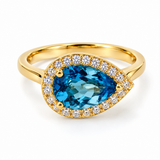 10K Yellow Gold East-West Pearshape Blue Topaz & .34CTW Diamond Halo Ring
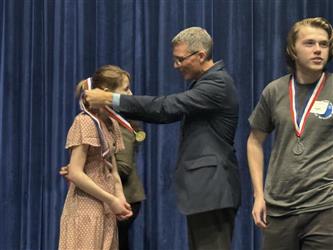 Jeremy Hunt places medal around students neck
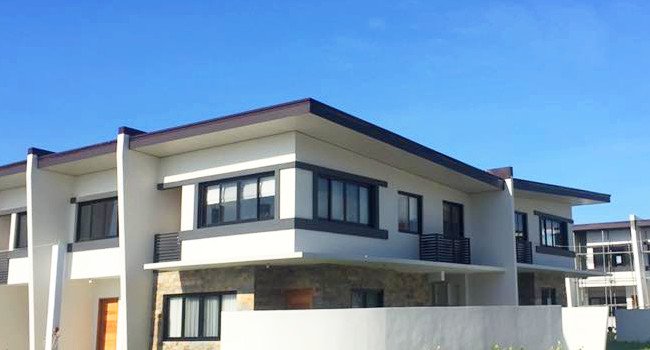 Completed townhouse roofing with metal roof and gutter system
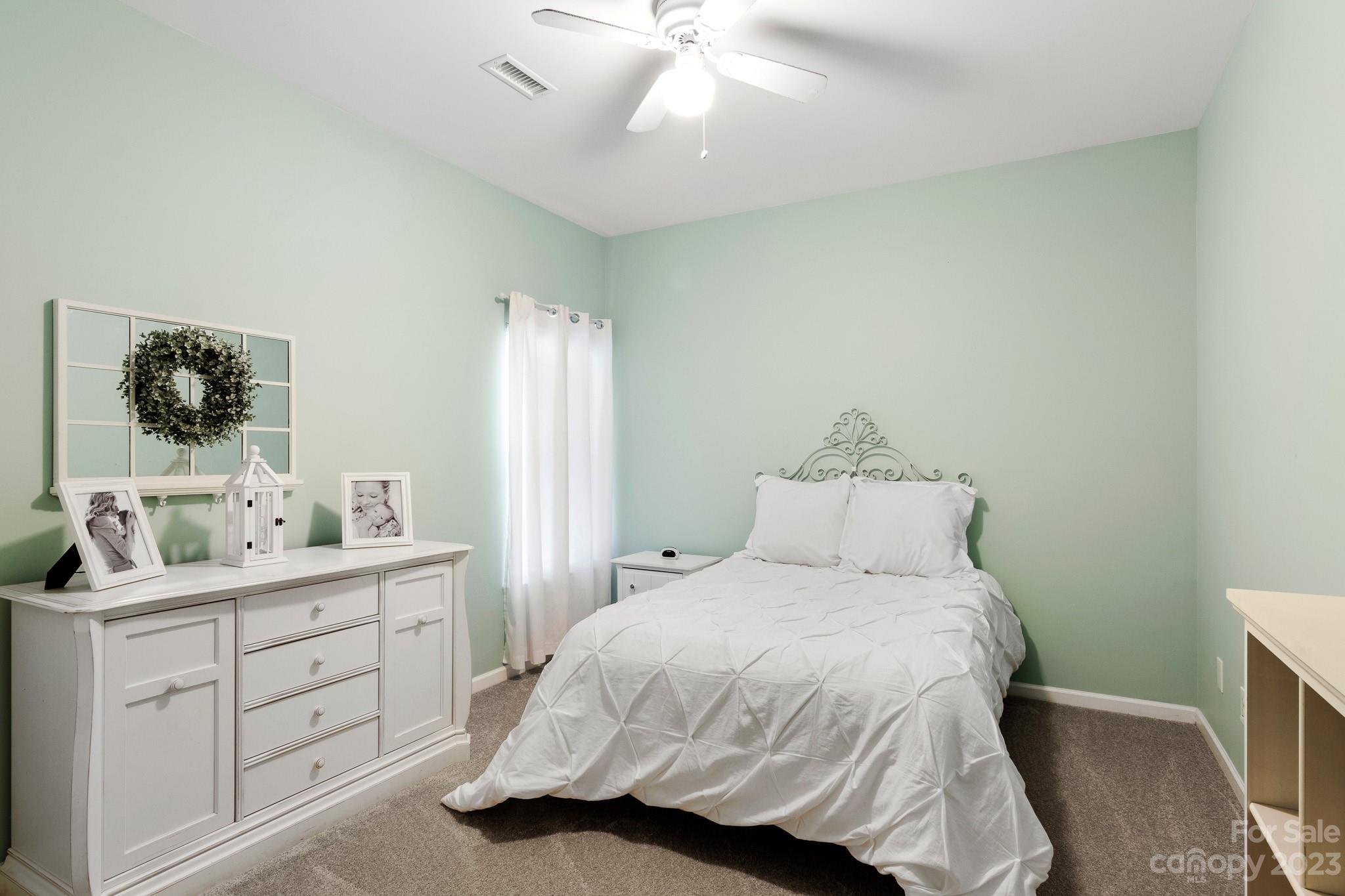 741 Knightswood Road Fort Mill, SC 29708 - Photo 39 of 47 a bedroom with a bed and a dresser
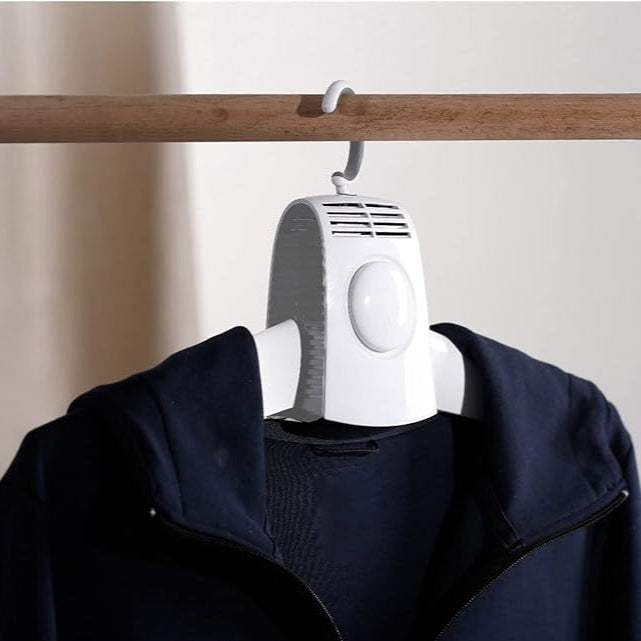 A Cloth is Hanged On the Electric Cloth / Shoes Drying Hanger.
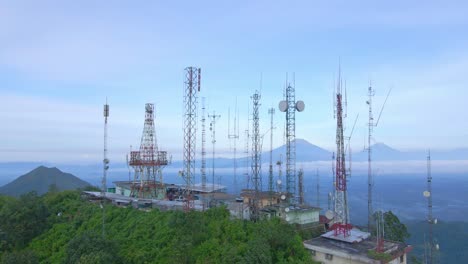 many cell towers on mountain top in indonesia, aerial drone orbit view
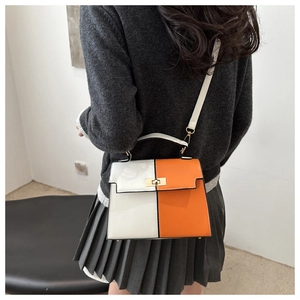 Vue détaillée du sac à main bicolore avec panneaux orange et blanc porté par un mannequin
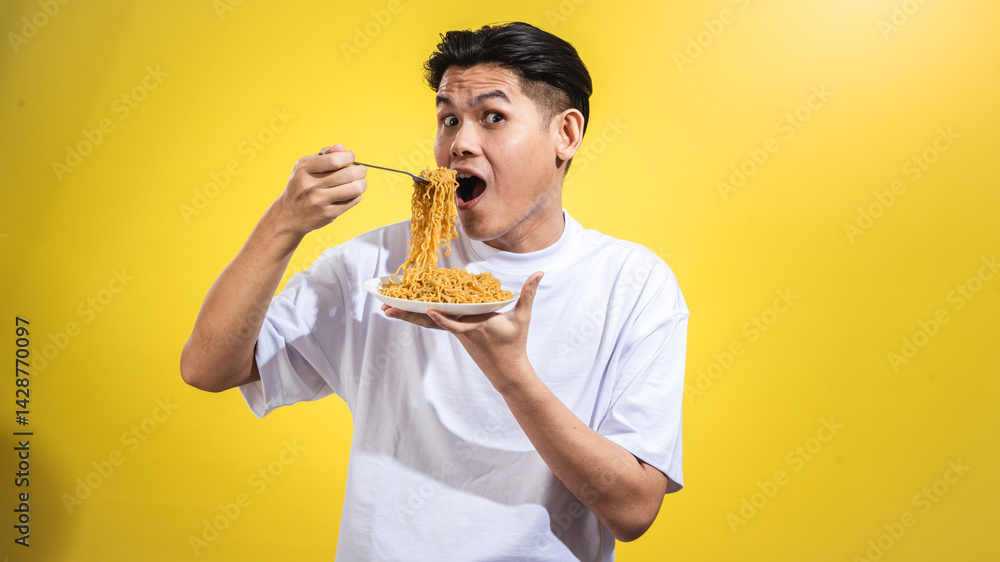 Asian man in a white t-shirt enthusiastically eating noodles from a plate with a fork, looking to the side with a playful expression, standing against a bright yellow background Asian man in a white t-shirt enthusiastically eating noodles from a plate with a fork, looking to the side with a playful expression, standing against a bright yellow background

• • •

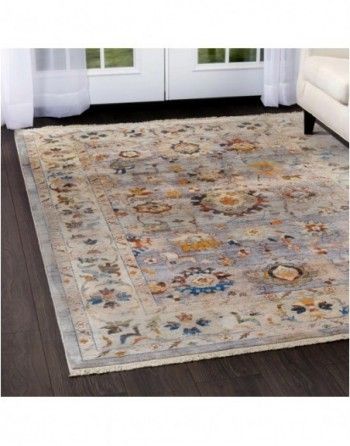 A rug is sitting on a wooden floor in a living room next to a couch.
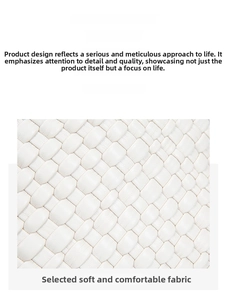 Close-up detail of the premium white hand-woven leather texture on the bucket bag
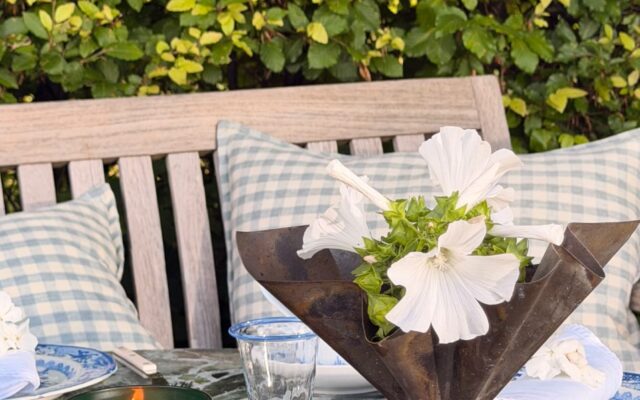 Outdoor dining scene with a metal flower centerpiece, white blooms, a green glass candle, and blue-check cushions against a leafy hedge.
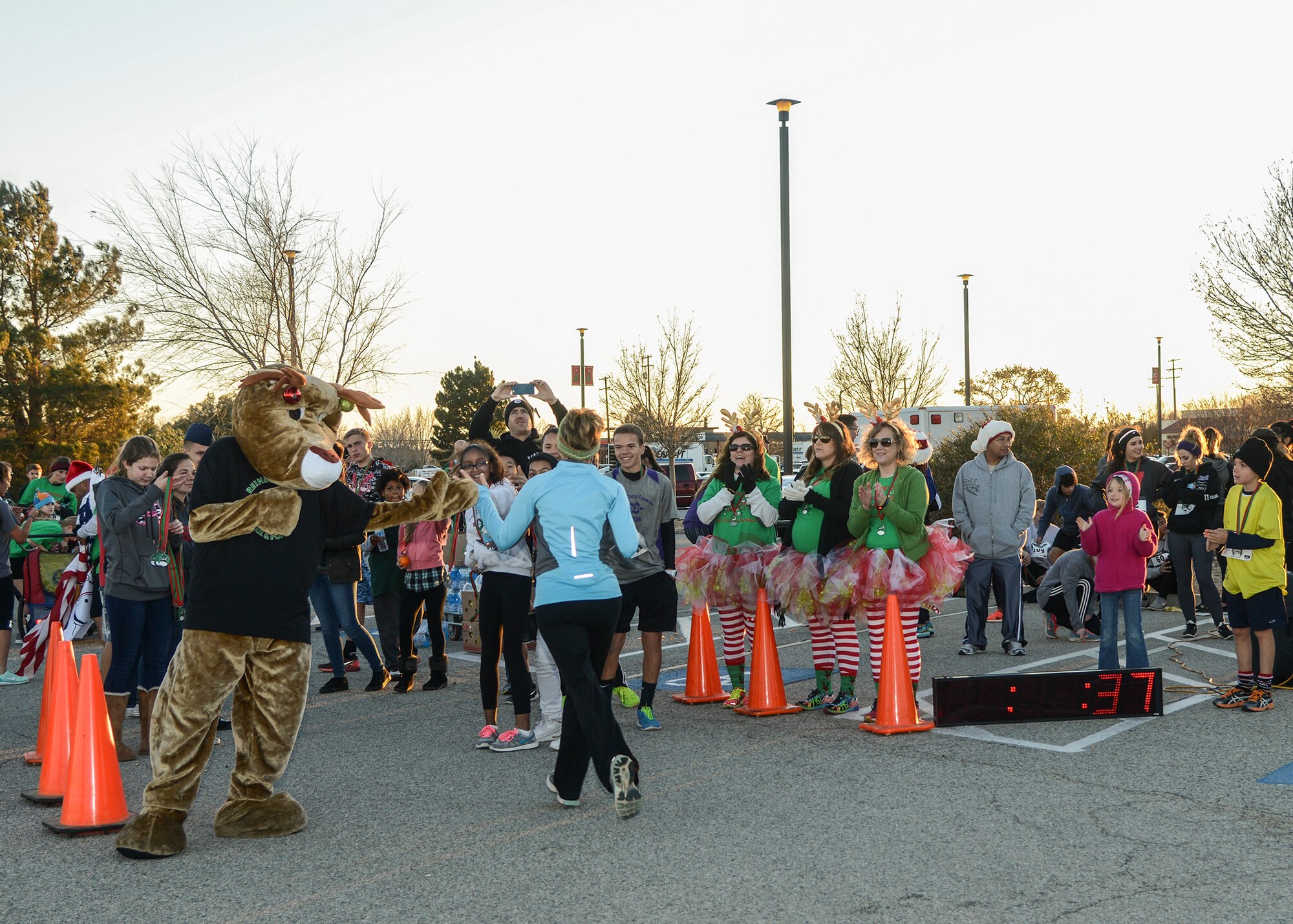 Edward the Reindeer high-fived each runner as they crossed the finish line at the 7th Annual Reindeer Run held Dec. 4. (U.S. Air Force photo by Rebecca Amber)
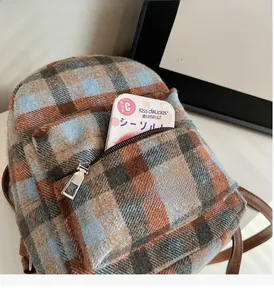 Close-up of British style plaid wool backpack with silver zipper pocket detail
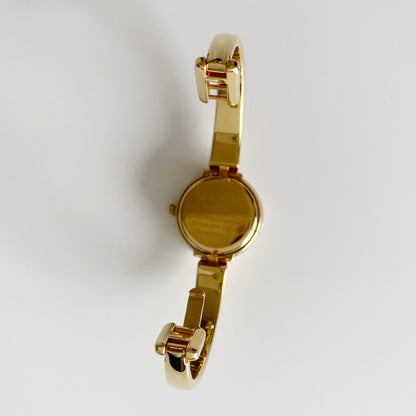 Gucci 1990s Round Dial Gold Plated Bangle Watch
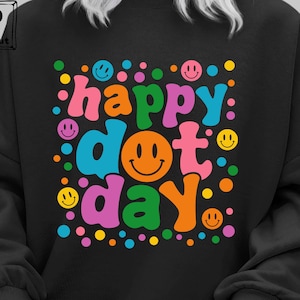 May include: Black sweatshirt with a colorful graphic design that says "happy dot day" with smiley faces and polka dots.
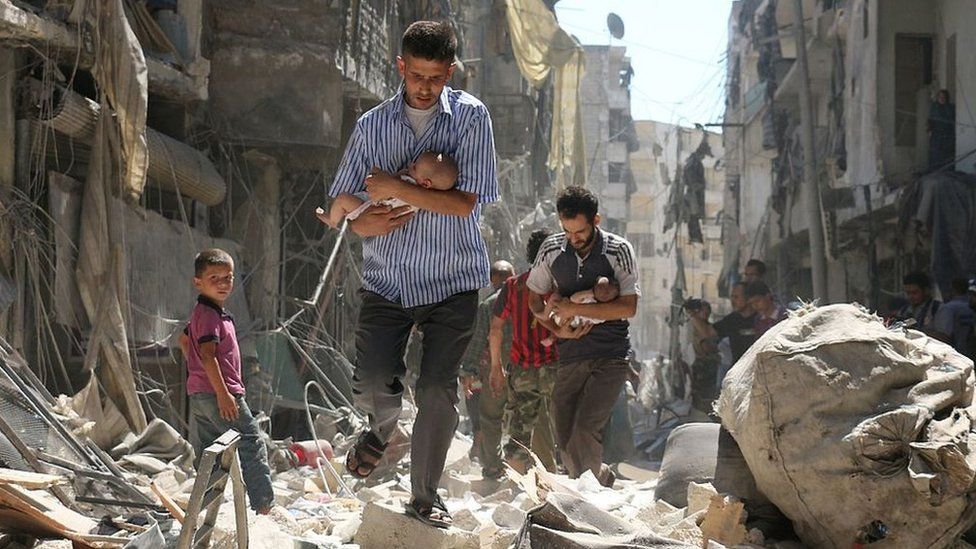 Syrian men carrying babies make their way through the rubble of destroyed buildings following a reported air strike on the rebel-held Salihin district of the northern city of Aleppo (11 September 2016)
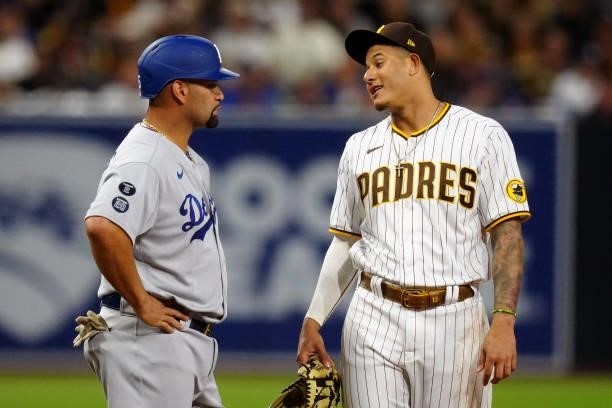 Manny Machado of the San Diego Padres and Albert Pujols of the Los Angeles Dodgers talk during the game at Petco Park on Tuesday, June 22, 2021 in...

• • •

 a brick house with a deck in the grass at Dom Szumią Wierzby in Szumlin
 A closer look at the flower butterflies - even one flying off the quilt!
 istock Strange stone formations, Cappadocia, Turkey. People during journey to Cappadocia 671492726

• • •

* **EXERCISE INSTRUCTIONS**
What you return from the records above should be exactly everything from the line with "Syrian men carrying" down to the line with "Manny Machado of", both kept, and no pictures.

* **TASK RESPONSE**
 Syrian men carrying babies make their way through the rubble of destroyed buildings following a reported air strike on the rebel-held Salihin district of the northern city of Aleppo (11 September 2016)
 Manny Machado of the San Diego Padres and Albert Pujols of the Los Angeles Dodgers talk during the game at Petco Park on Tuesday, June 22, 2021 in...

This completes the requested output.